But from a chemical engineer’s perspective, when you compare aviation fuels and shipping fuels, something becomes clear. Aviation requires a very specific suite of molecules—a narrow composition that must be met. No one is going to build a new generation of aircraft engines designed for something else when airframes last more than 20 years. That constraint is immovable. Right now, fuel is about 20% of an airline ticket’s cost, which means there’s room for the airline industry to pay more for decarbonized fuel.

That’s not the case in shipping. For shipping, fuel accounts for around 40% of operating cost per ton-mile. 

[EVD]: Shipping is a bit like trucking—it’s low margin. 

[PM]: They can’t afford a specific molecule, and as a result, whatever parts of shipping can’t electrify—which will already drive costs down—will just have to accept what’s available. And what’s available is methanol. They could also use ammonia, but that would kill people.
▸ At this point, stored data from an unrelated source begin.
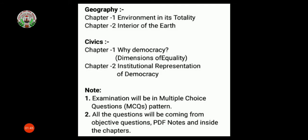Second, all the questions will be coming from objective questions, PDF notes, and from inside the chapter. That means you have to read all chapters in full — thoroughly. At the back side, in the exercise, objective questions are given that you have to prepare. Notes have been provided through video and PDF, including very short questions, short answers, and long answers. So each and everything you have to study very nicely and very properly so that you can give the answers in your examination.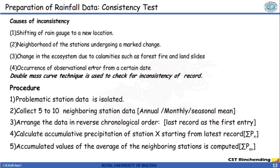Why might there be inconsistency in recording rainfall at a station? If the rain gauge is shifted to a new location, there could be inconsistency. If the neighborhood of the station undergoes marked changes — for instance, a small tree that grows to a massive height over 20 years and obstructs the rainfall — that can introduce inconsistency. Likewise, changes in the ecosystem due to calamities such as forest fire and landslide, or occurrence of observational error from a certain date, can also introduce inconsistency. To test for this, we plot the double mass curve.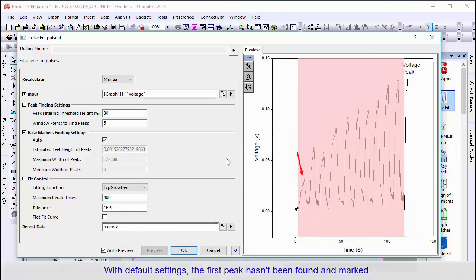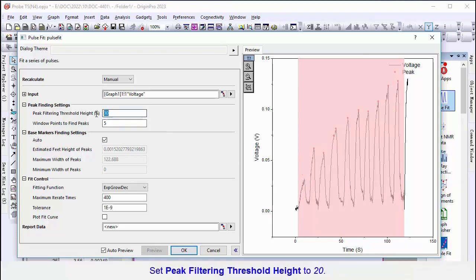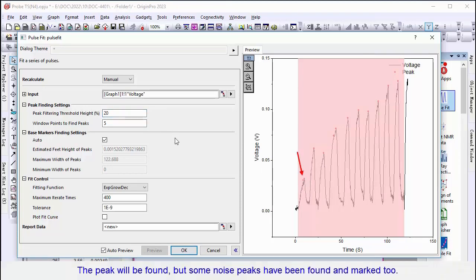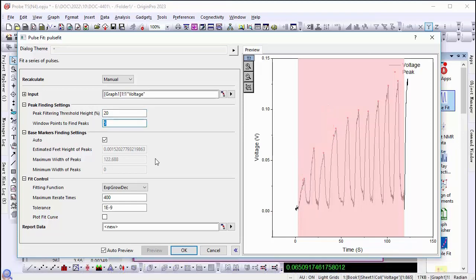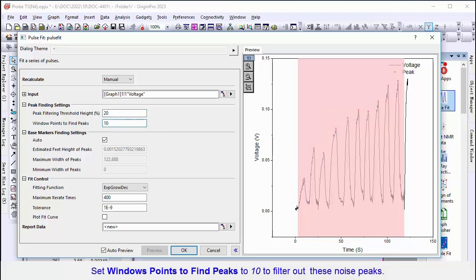Set the threshold height as 20, but you will find that some noise peaks have been found too. Set Windows Points to Find Peaks to a larger value to filter these noise peaks.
I’m not on board with solving climate change by killing people just to save a buck, because that’s literally what we’re talking about. Ammonia is off the table for safety reasons—any chemical engineer who understands the basics of safety and design would reach that conclusion. You’d have to be seduced by a lot of money to think otherwise.

That leaves shipping with methanol, while aviation takes the easier-to-convert feedstocks. For example, vegetable oils that can be hydrotreated and hydrocracked to the right fuel composition. 

[EVD]: It actually took us a long time to reach a conclusion, and at first people weren’t fully understanding each other. To get there, we had to map everything out on a big whiteboard and ask: what do we actually have here?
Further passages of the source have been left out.